Cette analyse à courte vue a également pour effet (et pour but) évident d’occulter toute réflexion un peu sérieuse sur les conséquences de la politique étrangère de la France au Proche- et au Moyen-Orient et sur les alliances conclues avec des régimes despotiques de la région (Égypte, Arabie saoudite…).
Plus globalement, elle pèche par idéalisme, en cela qu’elle explique les événements par des pensées et des abstractions (la haine de l’Occident, le fondamentalisme religieux…) sans se préoccuper des conditions matérielles qui permettent à ces idées de naître et de prospérer.

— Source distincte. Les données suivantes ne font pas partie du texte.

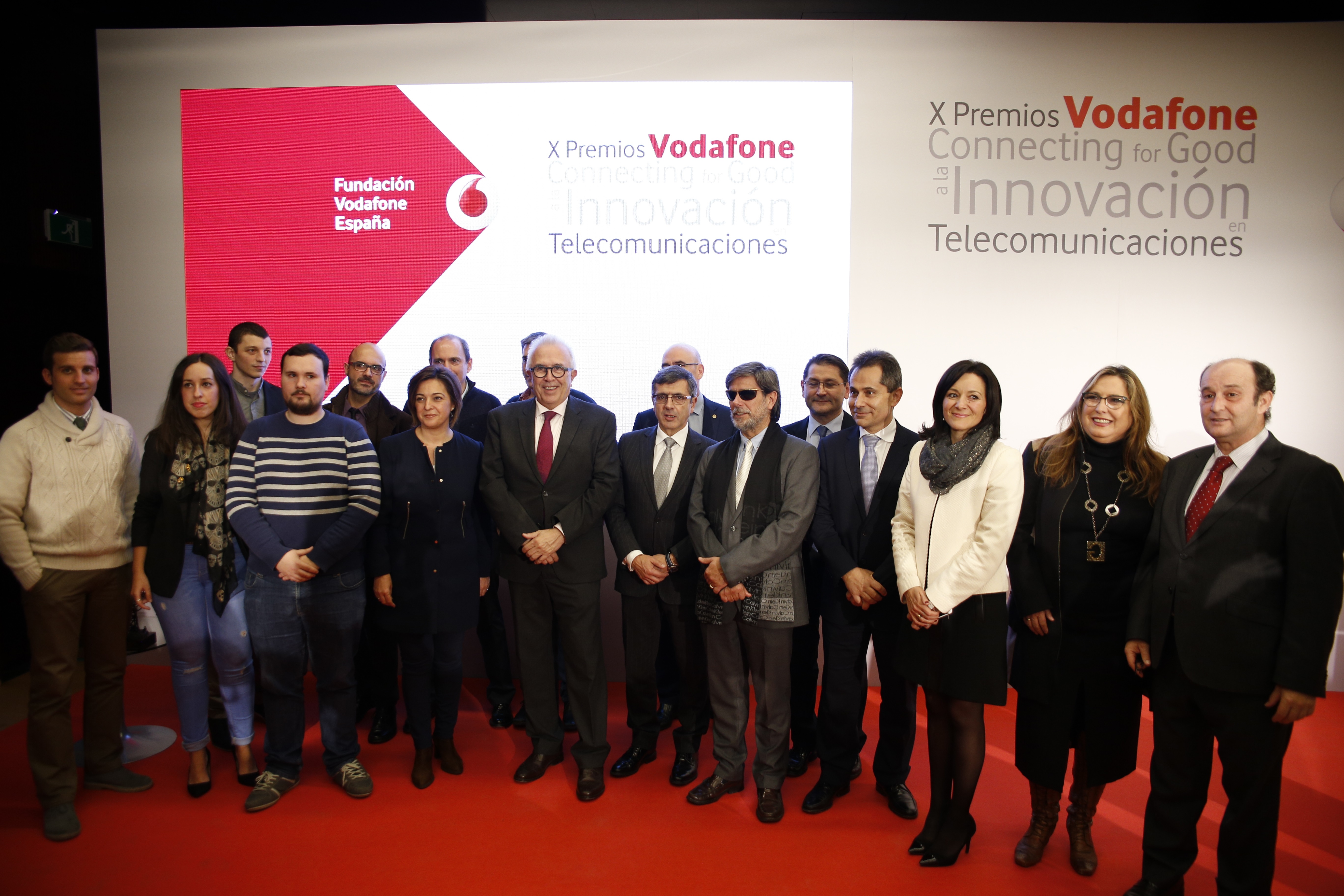Premiados e autoridades nos X premios á innovación.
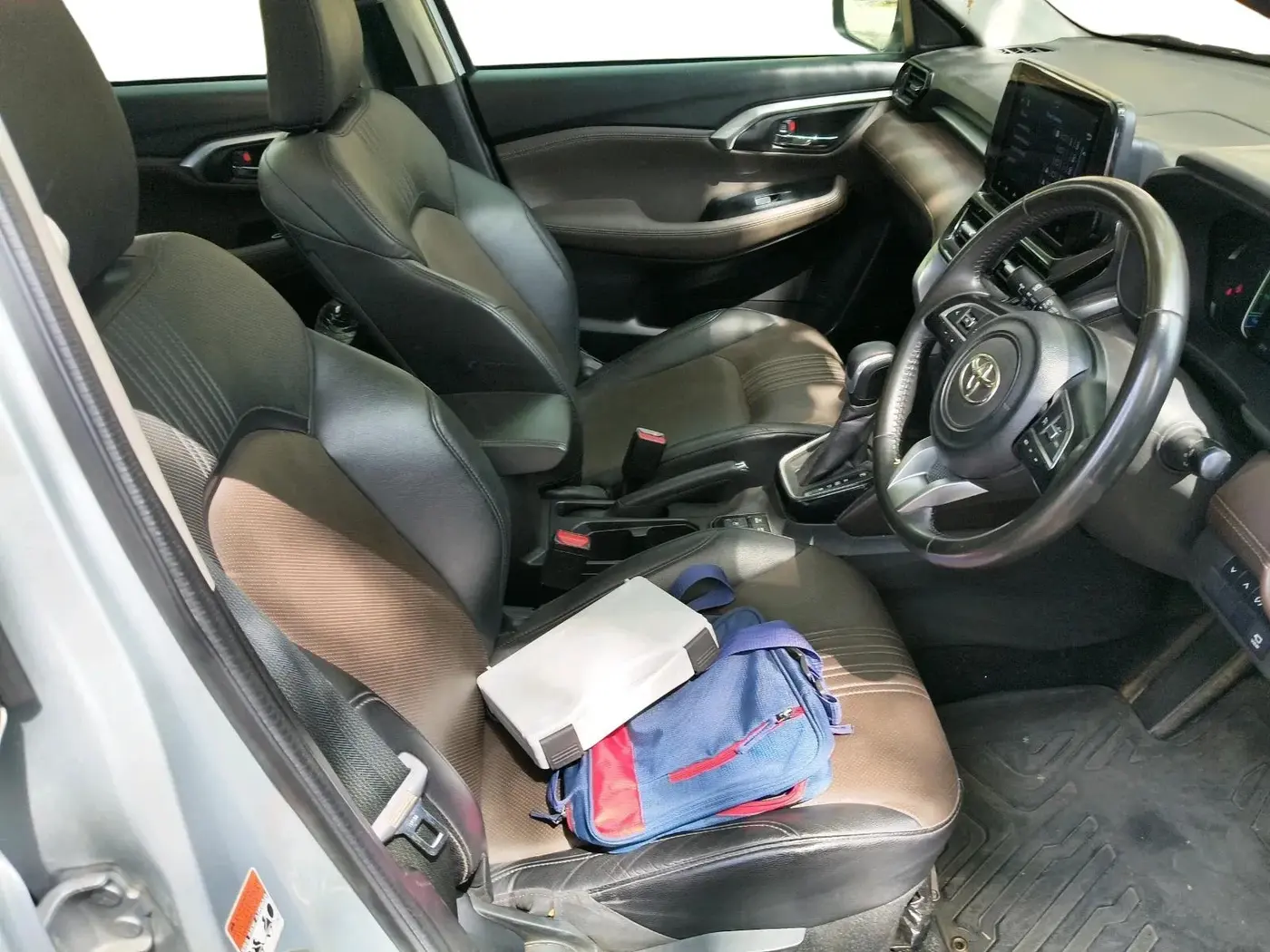 2022 Toyota URBAN CRUISER HYRYDER V HYBRID, Hybrid, Automatic, 53,568 km, interior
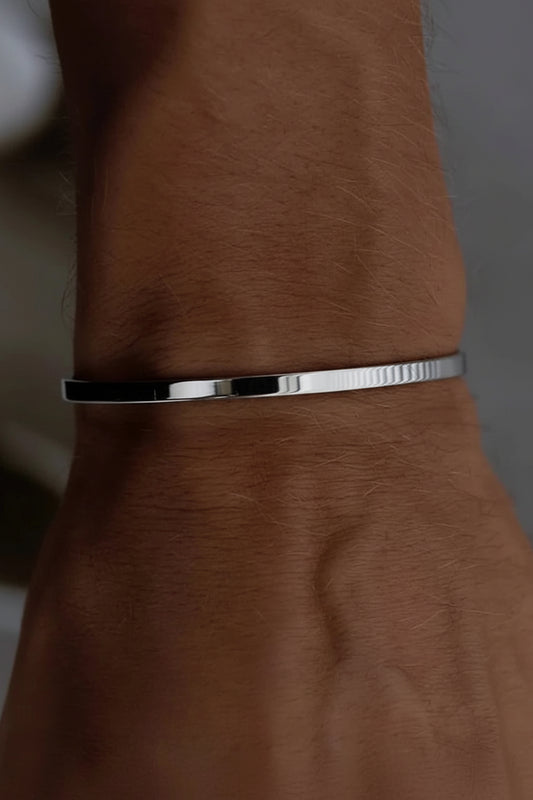 Minimal Cuff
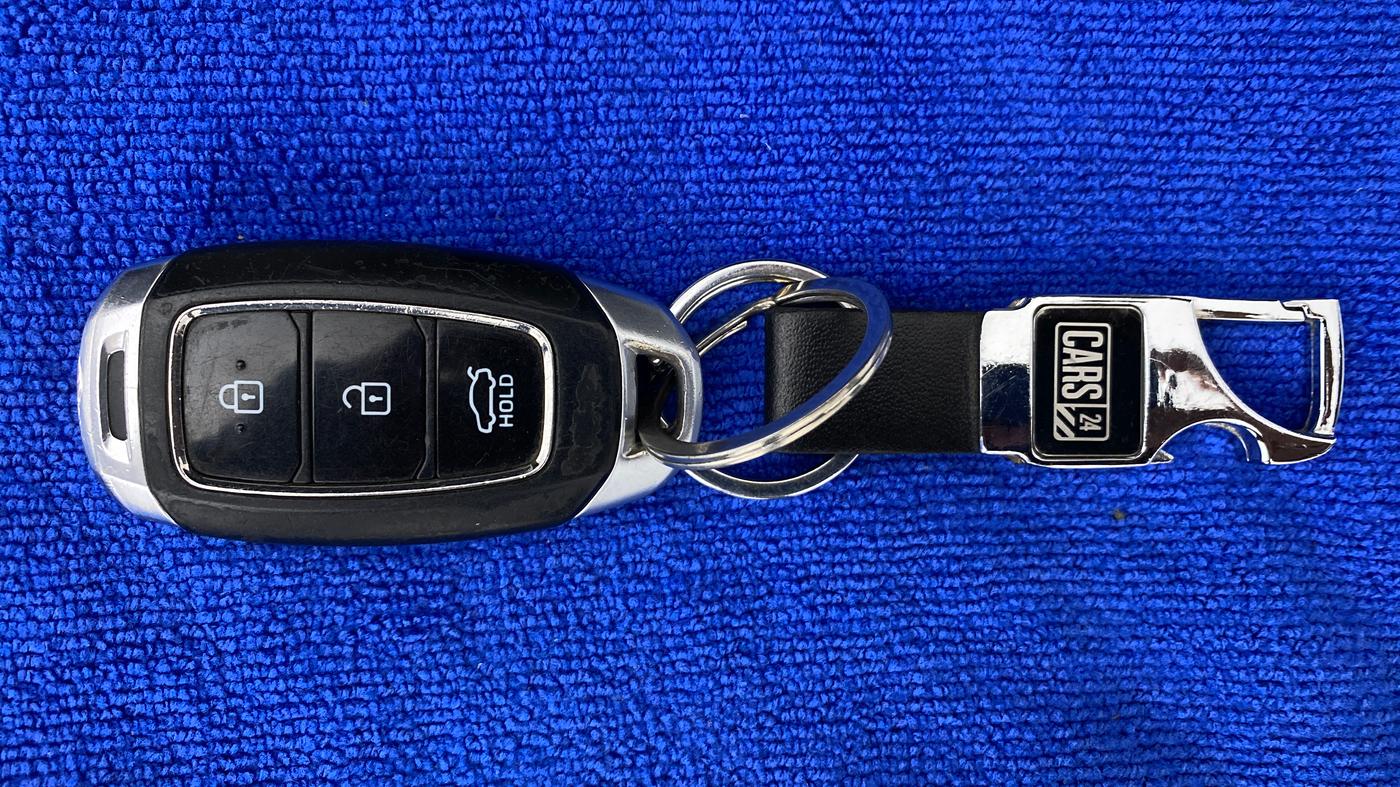 2018 Hyundai Verna 1.6 VTVT SX O, Petrol, Manual, 59,910 km, Key Close Up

C’est un travers partagé aussi bien par nos gouvernants (pour qui la lutte contre le djihadisme doit être idéologique et culturelle plus que politique et sociale) que par un petit groupe de hauts fonctionnaires catholiques réactionnaires, le Plessis, auteur sur le Figarovox d’une tribune qui explique l’attrait de l’islamisme par la déchristianisation de l’Europe. Et en profite au passage pour dénoncer une fois de plus le mariage pour tous et la gestation pour autrui, coupables à leurs yeux de ne pas combler le «vide spirituel» du Vieux Continent (comme si c’était ce qu’on attendait d’eux…).
La presse n’est pas épargnée non plus par cet idéalisme, si on en croit les nombreux éditoriaux dénonçant toute tentative d’explication des racines du terrorisme comme une justification de ce dernier et voyant derrière elle une insidieuse «culture de l’excuse».
Prendre du recul sur les événements, comprendre ce qu’il s’est passé, suppose pourtant d’en finir avec ce que le journaliste Joseph Confavreux appelait récemment «la haine des causes» (mais aussi haine de la sociologie, des sciences sociales…) et avec les appels aussi creux qu’incessants à ces «valeurs» qui ne se soucient des droits des femmes et des minorités sexuelles que lorsque cela sert leur agenda guerrier.